2019-2-20 10:43 | By : MEX Analyst Team
I briefly introduced what is the PMI and the behind-the-scenes last time. Have you had a nice catch with the market trends after reading that article? Today I will provide you with another interesting topic - the Federal Funds Rate. Interest rates are widely adopted - credit cards, mortgages, bank loans, etc., showing the utmost importance of interest rates in our life. Do you know what kind of factors these interest rates are based on? The answer is simple and we can start with the world biggest economies- United States. Its currency, US dollar, is therefore the most circulated currency in the world and the main foreign exchange reserve of the central banks in various countries. The decision of Federal Reserve on interest rate as well as the attitude of parliamentary officials have caught the global attention every single time. The success of investors' forecast on the currency and future global economic trends, to a large extent, come down to the level of understanding of the Fed's funds rate
Today's topic - the US Federal Reserve interest rate, also known as intra-bank lending rate. To ensure interest rates keep up with the latest economic trends, Fed officials hold eight meetings per year. To put it simple, when the Fed decides to raise interest rates, it is equivalent to reducing the money supply. In addition to an increase in the intra-bank lending rate, it also means that the coupon rate of the newly launched bonds by US government will be more attractive. While US government bonds are recognized as the most stable investment products, an increase in the coupon rate of bonds leads to hot money around the world pushing up the demand for US dollar, leading to a prolonged upward movement.

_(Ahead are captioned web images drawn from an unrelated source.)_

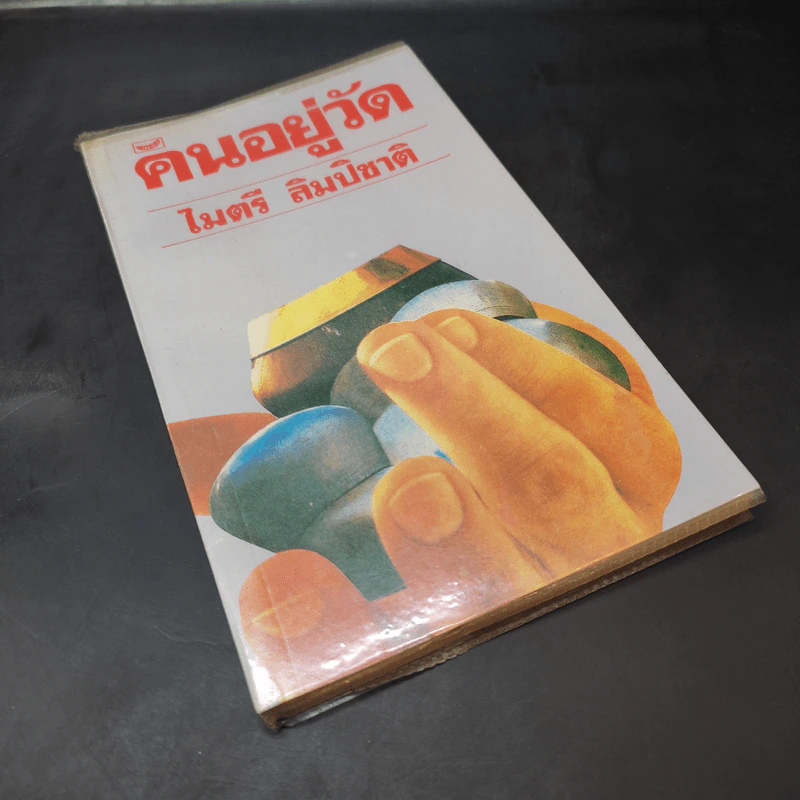 คนอยู่วัด - ไมตรี ลิมปิชาติ รูปที่ 7
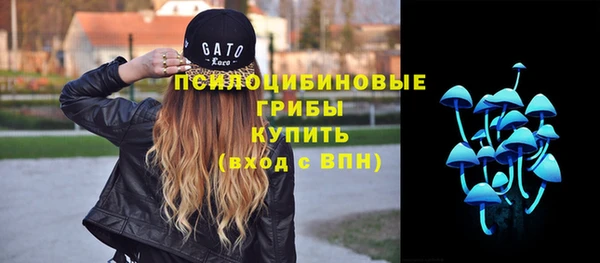 герыч Алзамай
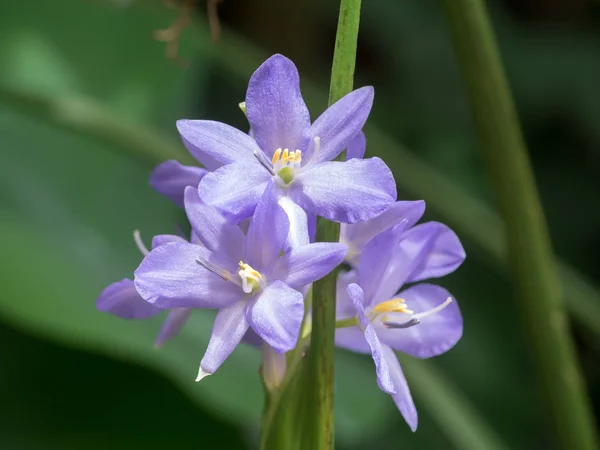 Flor de Monochoria elata Ridl — Fotografia de Stock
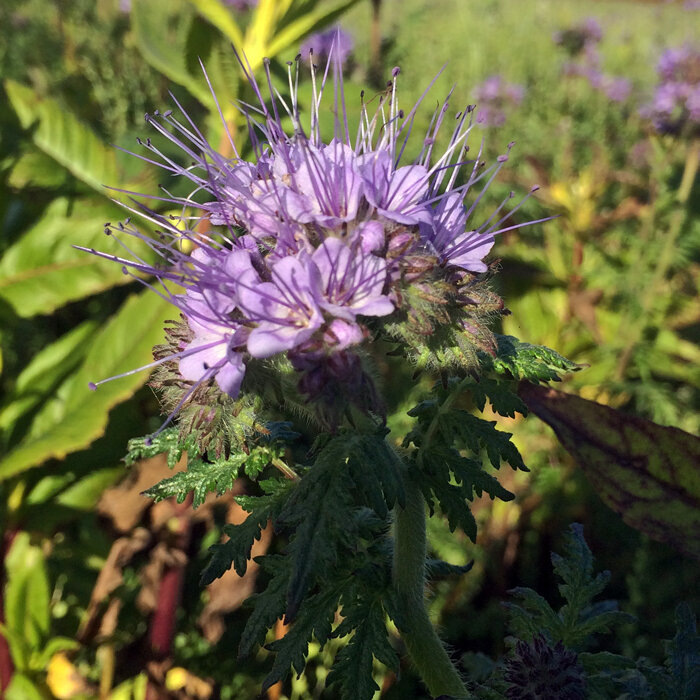 Fiore lilla chiaro di facelia (Phacelia tanacetifolia), una pianta da sovescio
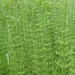 Water Horsetail - Photo no rights reserved, uploaded by Christian Grenier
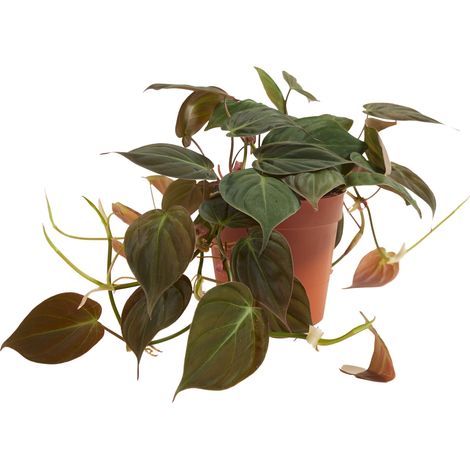Bloomique - Philodendron Scandens Micans - Plante retombante - Convient également comme plante grimpante - Plante d'intérieur - Purificateur d'air - Facile d'entretien - Hauteur 15-20 cm - Pot 12 cm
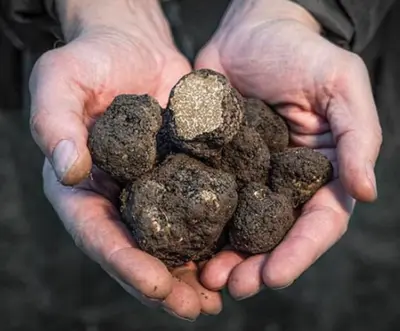 Pecorino Moliterno al Tartufo -- en lagrad tryffelpecorino i…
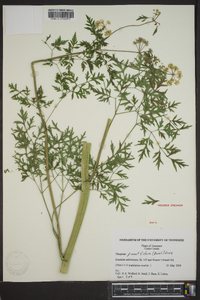 Thaspium pinnatifidum image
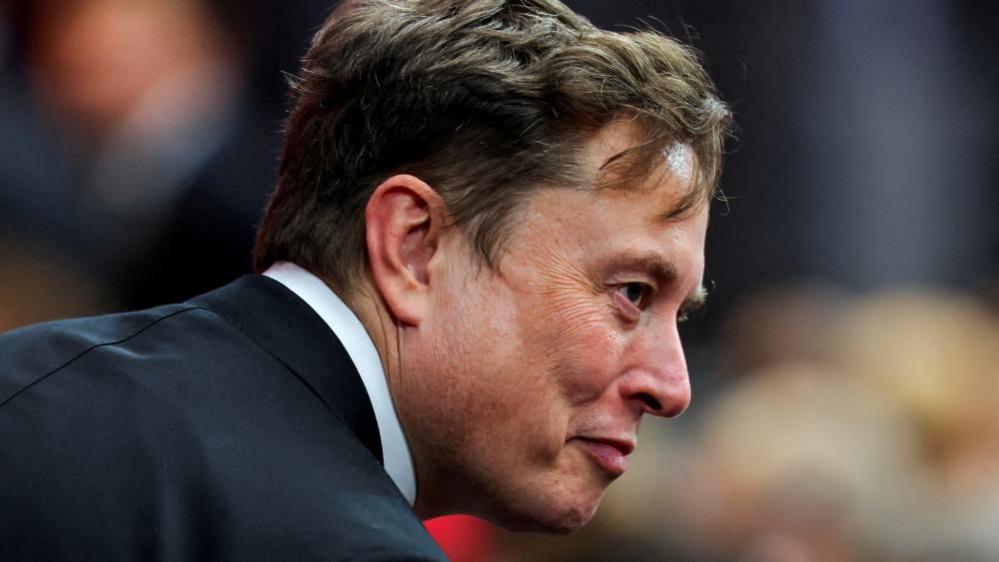 Elon Musk’s ‘Citizen Vigilante’: A View From Europe and the Far‑Right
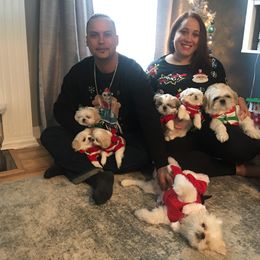 Shih Tzu Puppies from Sarayas Shih Tzus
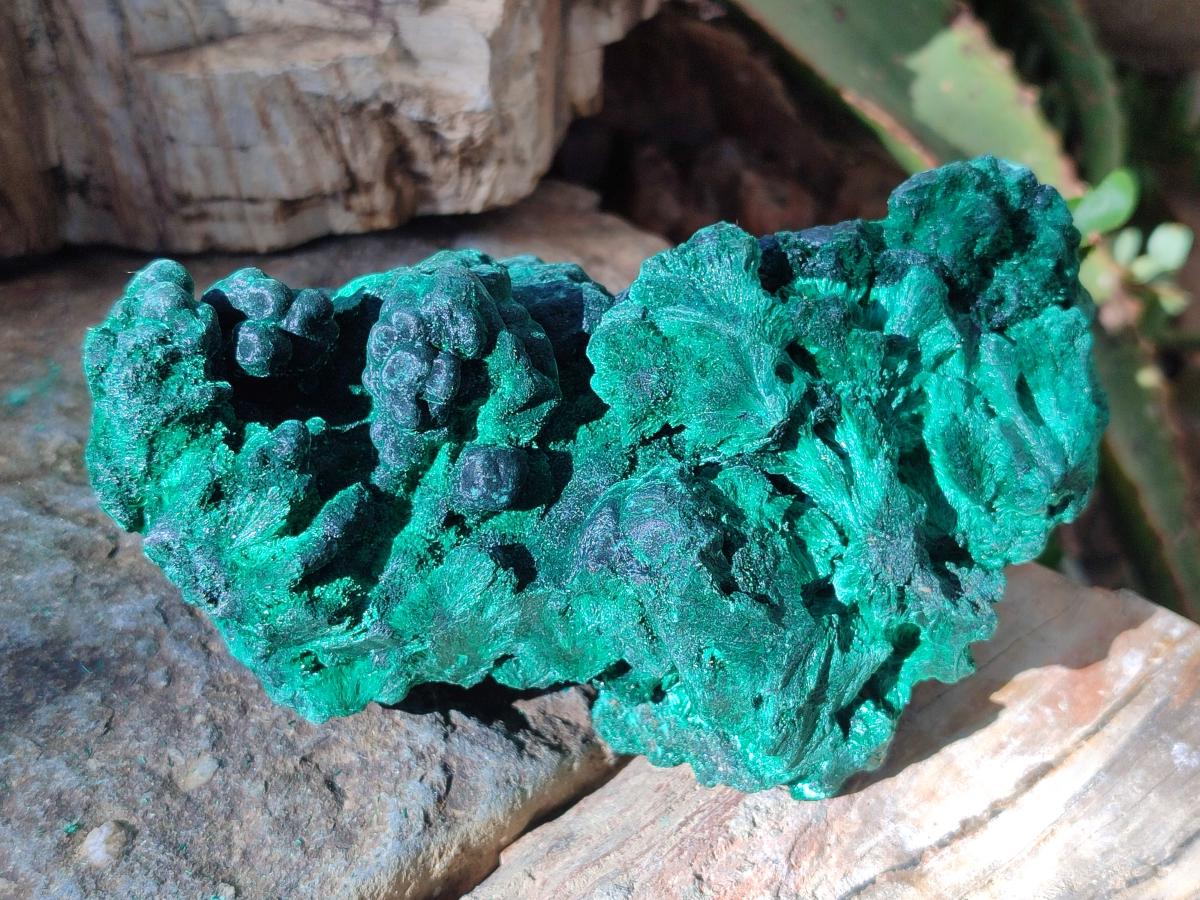 Natural Large Cabinet Size Silky Malachite Specimens x 2 From Kasompe, Congo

Up to this point, it is reasonable investors may think that when the Fed raises interest rates, it would be the perfect buying time for the US dollar. However, it is noteworthy that, in addition to the unexpected interest rate adjustment (Only happened once across the ten-year historical data), the market has already priced in the decision. The subsequent movement is highly likely different from the expectations among investors so the federal funds rate is taken as a lagging indicator. Investors should pay close attention to the unexpected price swing by the release of Federal decision on interest rates and make sure risk management is in place so as to avoid unnecessary losses caused by large price swing.
Federal funds rate, however, is more than a lagging indicator to predict the price movement of US dollar. A change of federal funds rate actually gives us a hint at how Federal officials, top economists in the world, think of mainly the current US economy. A decrease in Federal funds rate is taken as expansionary monetary tool to boost up the gloomy economy through encouraging businesses and individuals to lend. (Think of Japan!). Also, we are expected to see more loose monetary policy in the midst of recession according to the graph above. For example, Federal Reserve kept the rate real low after period of global financial crisis and Euro sovereign debt crisis. As a result, it is of important economic indicator worth close attention of us.